Transgender Allies Group

Credit: TAG website

The Transgender Allies Group (TAG) is an advocacy group for transgender people in Nevada. They go to the Nevada state legislature and lobby to have bills passed and sometimes terminated.

TAG has been around since 2010. A bathroom bill brought TAG into existence. At the time, Nevada was considered one of the lowest states for LGBTQ welcomeness. As a result of massive legislation in this state over the years, Nevada, in 2020, was ranked number ONE by USA Today as the most LGBTQ-friendly state in the nation. The rankings looked at legislation, number of hate crimes, and LGBTQ population per state.

Some TAG wins here in our good ‘ole Nevada:

  • One of the easiest states to get ones birth certificate changed
  • It is very easy to change ones’ gender marker
  • No longer have to publish your name in the newspaper when you do a name change
  • No longer have to prove to the DMV that a 3rd party verifies who you are
  • One of the few states that has an X gender on drivers’ licenses

When I spoke with Sherrie Scaffidi, the president of TAG (see here and here for more on Sherrie) she said one of the reasons they have been so successful is that TAG has good rapport with the Nevada State Senators.  Nevada has four open LGBTQ legislators.

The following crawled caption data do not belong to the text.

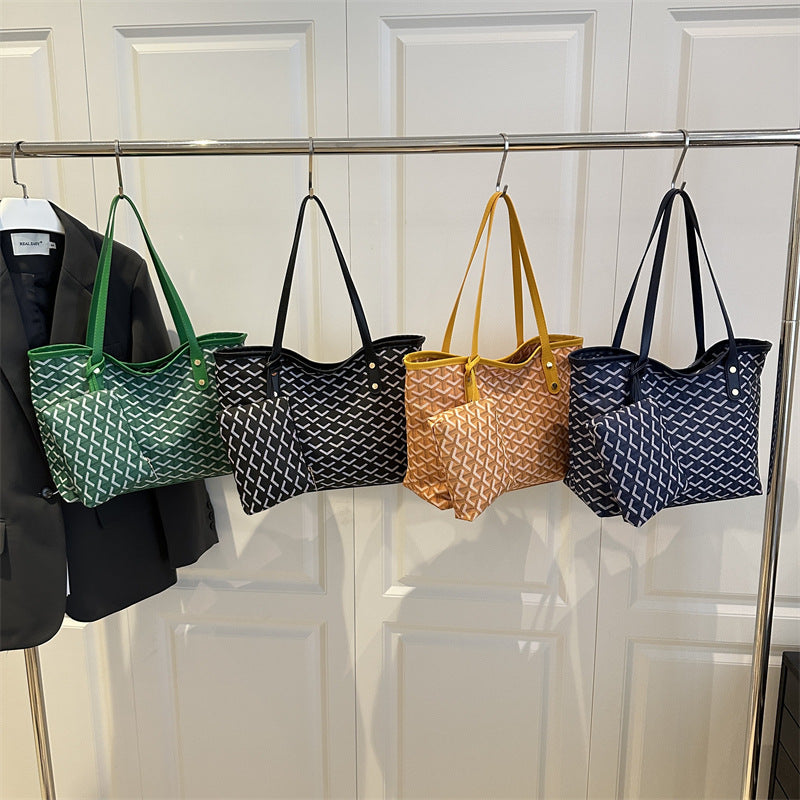 Women's stylish tote bag with fashionable pattern-https://detail.1688.com/offer/931550100460.html-Calm Wears-Black-nothing-Calm Wears
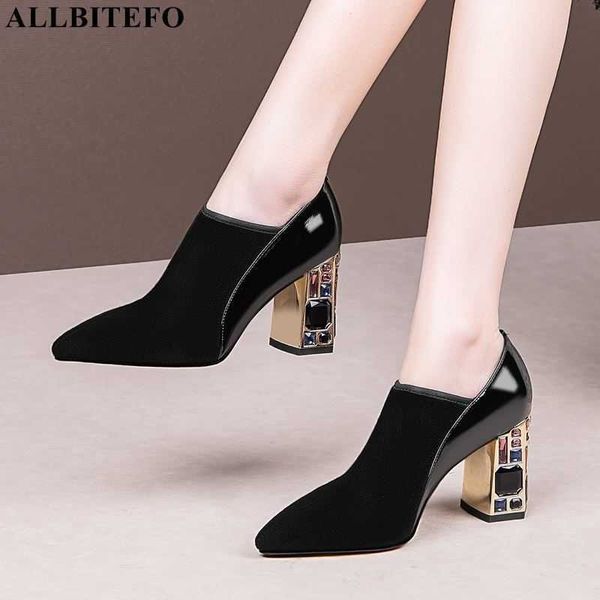 allbitefo size 34-42 colorful design flock + genuine leather women heels shoes fashion high heels club party shoes 210611, Black
allbitefo size 34-42 colorful design flock + genuine leather women heels shoes fashion high heels club party shoes 210611, Black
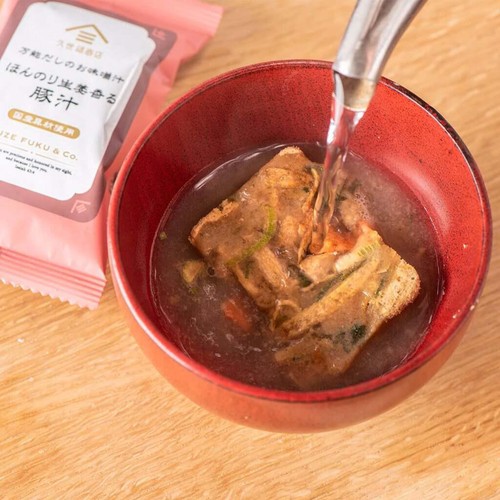 サンクゼール 久世福商店 万能だしのお味噌汁 生姜香る豚汁 4食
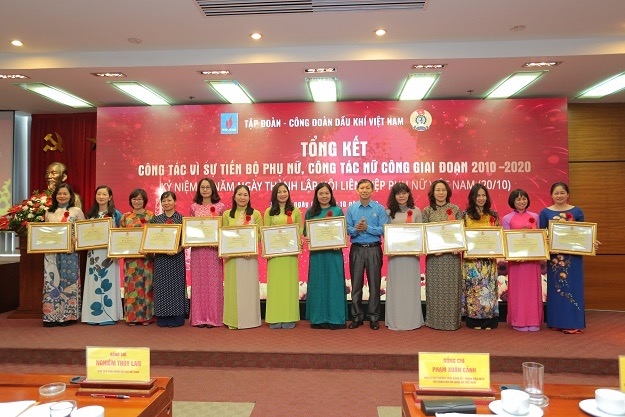 Tăng tỷ lệ lao động nữ là lãnh đạo quản lý trong ngành Dầu khí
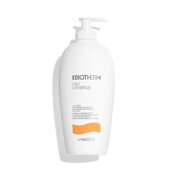 Weiße Flasche mit Pumpspender, markiert mit "BIOTHERM Eau D'Energie", steht vor weißem Hintergrund.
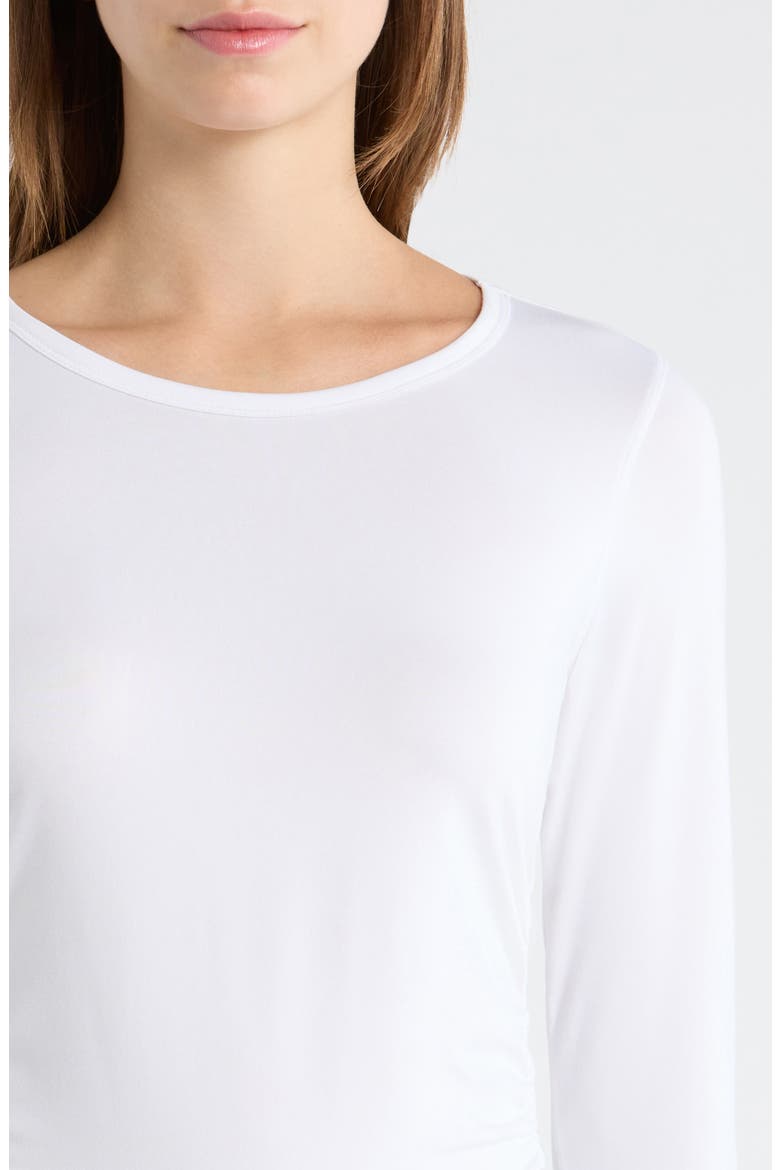 Celestia Long Sleeve Performance T-Shirt, Alternate, color, HEATHER VANILLA ICE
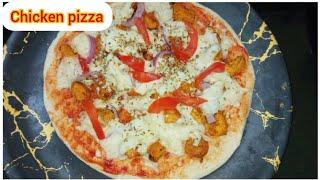 Chicken pizza Recipe || How To Make Chicken pizza Recipe At Home || Pizza Recipe#tastycooking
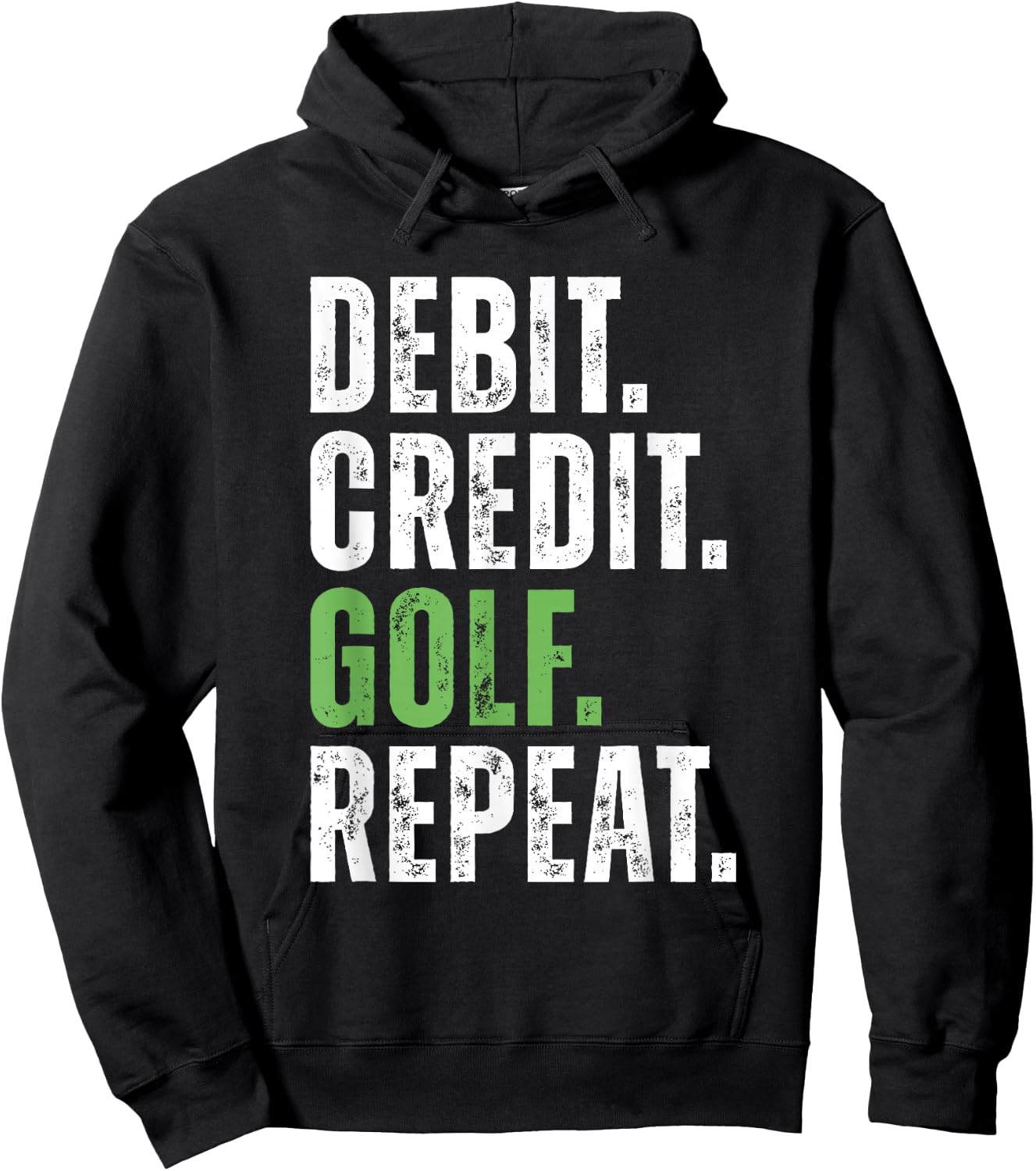 Debit Credit Golf Repeat - Accountant III Hoodie - Hoodie | Black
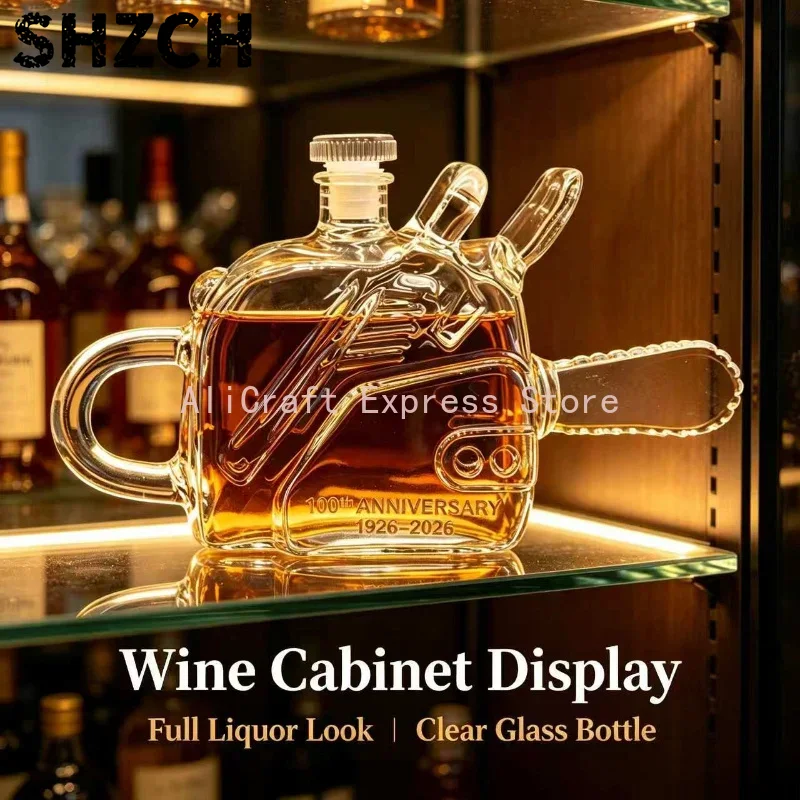 빈티지 체인톱 모양의 유리 디캔터, 100주년 기념품, - Vintage Collectible Bottles 리뷰 및 가격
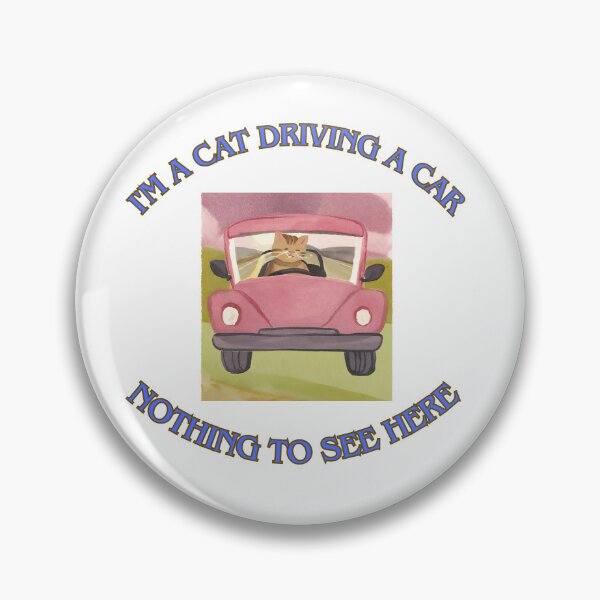 Item preview, I'm a cat driving a car 1 designed and sold by LorenzoArtZa.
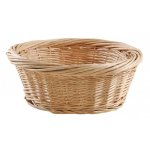 Aubry gaspard - corbeille ronde en osier blanc 37 cm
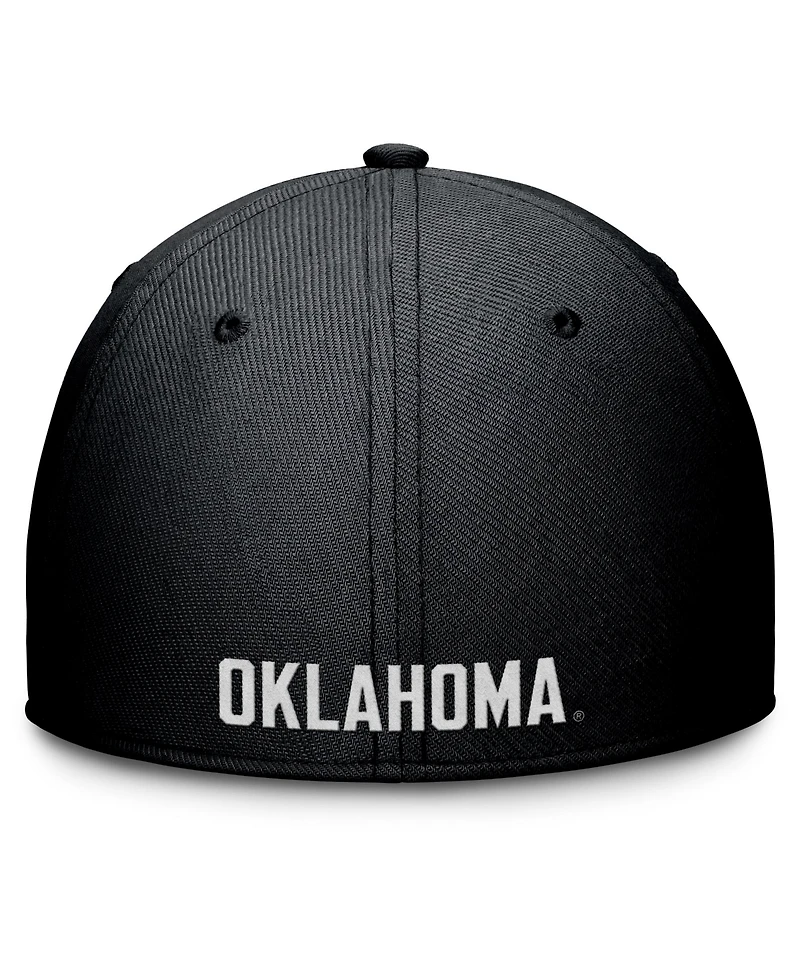 Jordan Men's Black Oklahoma Sooners Rise Swoosh Dri-fit Flex Hat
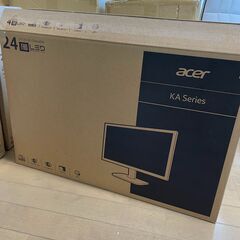 ０２　パソコンモニター　acer KAシリーズ　24インチの画像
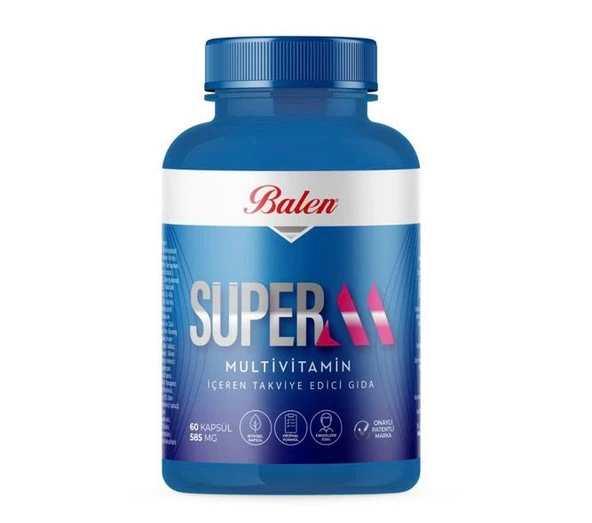 Balen Super M Multivitamin Erkekler İçin 60 Kapsül ürün görseli 1
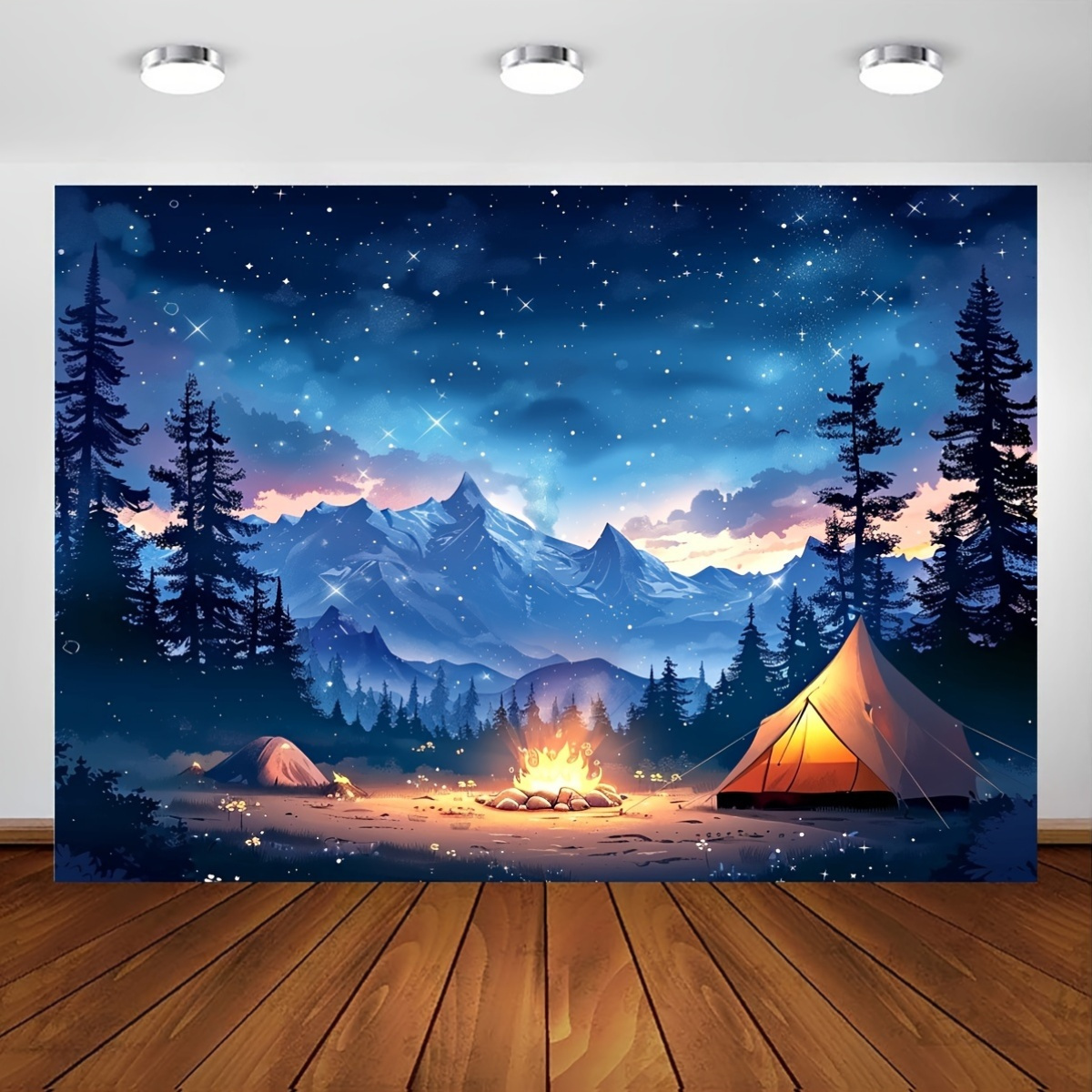 Płaski, dwuwymiarowy gobelin z – Outdoor Adventure Tent recenzja i cena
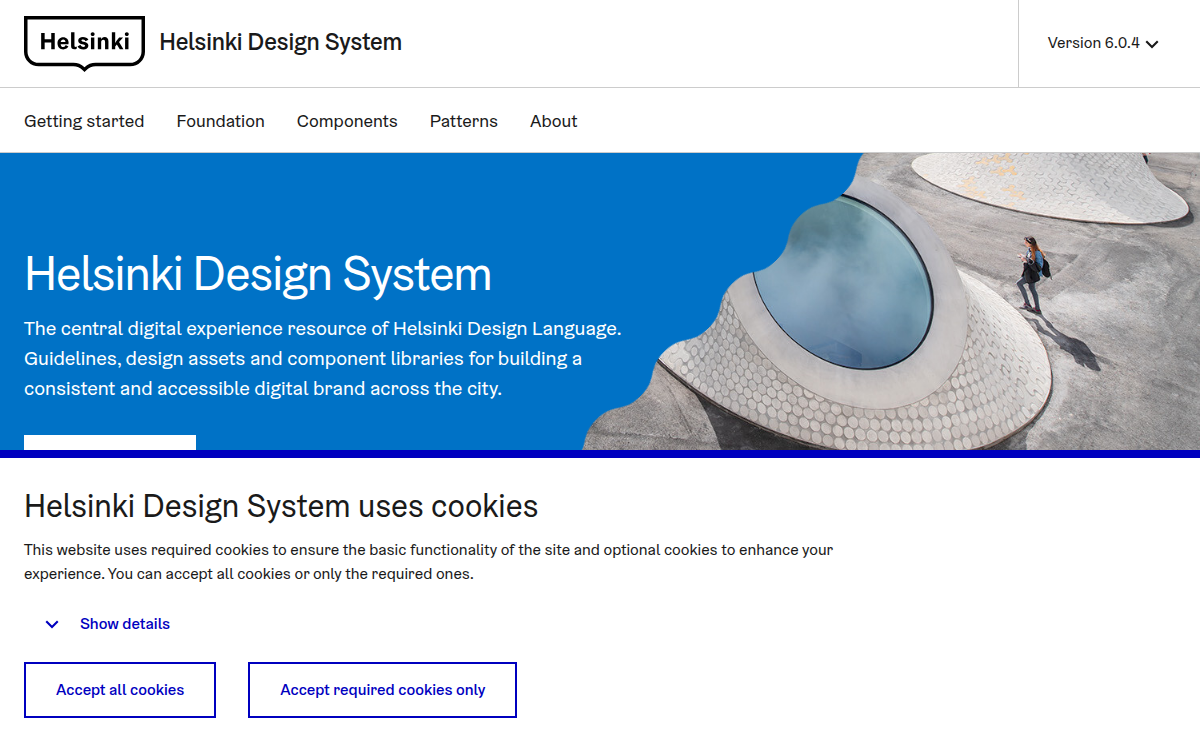 Helsinki Design System (HDS) documentation site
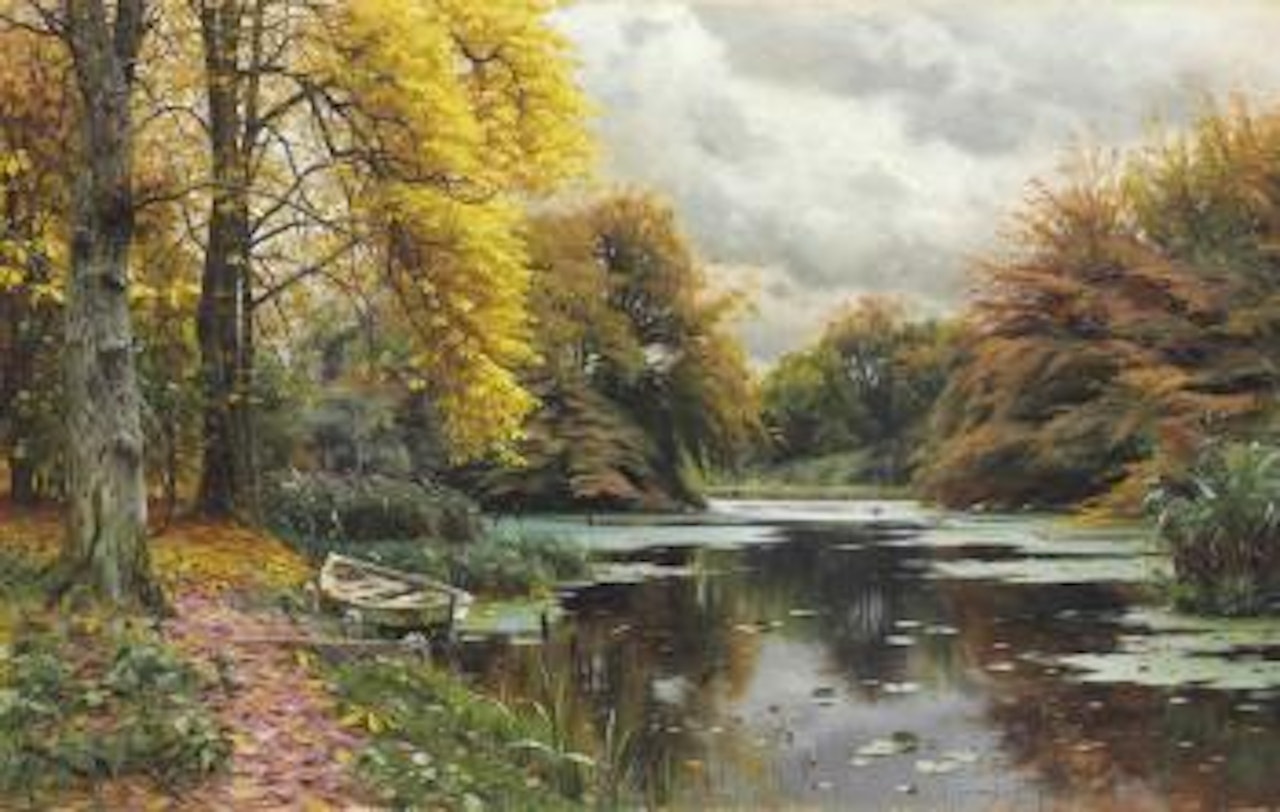 River Landscape by Peder Mork Monsted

Sherrie said it has been easy to get them on board with getting various bills sponsored, supported, or killed.

The TAG board is currently comprised of two transgender women, two transgender men, and one cis gay man.  These folks are the president, secretary, treasurer, and two directors.

The meetings are held via Zoom on the fourth Thursday of every month in conjunction with Northern Nevada’s Carson City chapter of PFLAG, for which Sherrie is also the president. For anyone who is not familiar with PFLAG, they are the first and largest organization for LGBTQ people, their parents and families, and allies.

TAG has about 12 active members, but Sherrie knows that they touch the lives of many, many more in Nevada. It’s unknown exactly how many people, though, because TAG does not maintain a listserve in order to preserve anonymity of those seeking assistance.  TAG often deals with people who are not ready to come out.  Sherrie estimates they affect 50 to 100 people personally and one-on-one per year in helping with transitioning legal tasks like name changes.  

When a bill gets passed specific to the transgender community, TAG doesn’t know how exactly many people they are going to touch. Nevada is estimated to have approximately 12,600 transgender people in 2022.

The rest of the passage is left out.